Aqui chegados, impera averiguar se estará em causa uma omissão pura ou impura,
com o intuito de determinar a extensão da potencial responsabilidade do agente. Ora,
visto que as omissões puras são subsidiárias face às omissões impuras, e que só será
relevante considerar uma omissão imprópria quando se constate a existência de um dever
de garante, comecemos por indagar da existência de tal dever.
Partindo do cenário descrito, a afirmação de uma eventual posição de garante só
poderia advir da figura do monopólio. De forma breve, estabeleceremos que o monopólio
se caracteriza pelo facto de, numa dada situação, o agente se encontrar numa posição de
domínio fáctico absoluto da fonte de perigo, isto é, numa posição, face ao bem jurídico
ameaçado, capaz de remover o perigo prestes a concretizar-se.
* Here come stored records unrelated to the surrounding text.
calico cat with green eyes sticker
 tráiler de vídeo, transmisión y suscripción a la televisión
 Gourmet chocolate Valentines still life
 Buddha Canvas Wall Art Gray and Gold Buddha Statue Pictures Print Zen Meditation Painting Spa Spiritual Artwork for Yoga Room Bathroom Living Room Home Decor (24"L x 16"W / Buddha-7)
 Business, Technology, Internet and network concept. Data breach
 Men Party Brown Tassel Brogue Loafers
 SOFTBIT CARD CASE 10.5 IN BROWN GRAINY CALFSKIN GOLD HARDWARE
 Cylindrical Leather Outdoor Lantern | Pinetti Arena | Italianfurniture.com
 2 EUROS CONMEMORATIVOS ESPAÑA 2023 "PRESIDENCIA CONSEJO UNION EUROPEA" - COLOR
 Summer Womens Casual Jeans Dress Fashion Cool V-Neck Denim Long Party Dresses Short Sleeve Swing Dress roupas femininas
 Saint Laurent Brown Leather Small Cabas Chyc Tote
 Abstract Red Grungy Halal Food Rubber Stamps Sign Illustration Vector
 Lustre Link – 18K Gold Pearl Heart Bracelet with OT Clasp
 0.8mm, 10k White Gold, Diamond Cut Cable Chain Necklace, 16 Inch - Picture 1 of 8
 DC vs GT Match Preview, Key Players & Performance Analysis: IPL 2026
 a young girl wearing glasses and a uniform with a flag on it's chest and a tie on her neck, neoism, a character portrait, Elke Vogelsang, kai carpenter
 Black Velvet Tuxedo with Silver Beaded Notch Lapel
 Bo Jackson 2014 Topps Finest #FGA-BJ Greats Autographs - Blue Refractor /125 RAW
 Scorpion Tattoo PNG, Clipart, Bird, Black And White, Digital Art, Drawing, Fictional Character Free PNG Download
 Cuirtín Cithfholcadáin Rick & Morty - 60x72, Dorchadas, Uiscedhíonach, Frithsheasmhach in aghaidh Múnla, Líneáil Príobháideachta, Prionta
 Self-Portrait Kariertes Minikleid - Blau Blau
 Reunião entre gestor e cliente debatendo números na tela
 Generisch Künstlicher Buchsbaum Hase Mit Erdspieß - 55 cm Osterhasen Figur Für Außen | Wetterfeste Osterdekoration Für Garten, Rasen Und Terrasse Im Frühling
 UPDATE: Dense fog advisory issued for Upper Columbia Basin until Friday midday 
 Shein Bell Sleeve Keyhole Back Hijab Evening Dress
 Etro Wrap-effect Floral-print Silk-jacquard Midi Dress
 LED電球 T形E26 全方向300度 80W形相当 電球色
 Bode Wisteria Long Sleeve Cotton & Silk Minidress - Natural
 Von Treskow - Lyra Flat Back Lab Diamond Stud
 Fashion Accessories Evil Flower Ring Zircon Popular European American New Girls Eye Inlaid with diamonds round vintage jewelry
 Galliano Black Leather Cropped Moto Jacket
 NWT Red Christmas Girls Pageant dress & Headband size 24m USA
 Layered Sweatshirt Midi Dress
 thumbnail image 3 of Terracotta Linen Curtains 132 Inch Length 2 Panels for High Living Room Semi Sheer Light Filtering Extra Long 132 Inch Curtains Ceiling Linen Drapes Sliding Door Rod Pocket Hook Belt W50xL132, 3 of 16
Por esse motivo,
FIGUEIREDO DIAS inclui o monopólio nos casos de domínio de uma fonte de perigo,
acrescentando, contudo, que só em algumas hipóteses surgirá o monopólio como fonte
de posição de garante. Segundo tal orientação, seria indispensável que se verificasse um
efectivo domínio fáctico absoluto da fonte de perigo – o que implica que, no momento
em que o perigo se manifesta, o agente tivesse capacidade e meios para o afastar; esse
perigo teria que ser agudo e iminente para o bem jurídico em causa – significando tal
afirmação que o perigo deverá ser actual e assumir dimensões consideráveis, não se
podendo tratar apenas de um perigo eventual; para além disso, o agente deve poder levar
a cabo uma acção de salvamento sem ter que incorrer numa situação danosa para si
mesmo – o que requer uma análise de proporcionalidade entre o bem jurídico em perigo
e o esforço exigido para o competente salvamento.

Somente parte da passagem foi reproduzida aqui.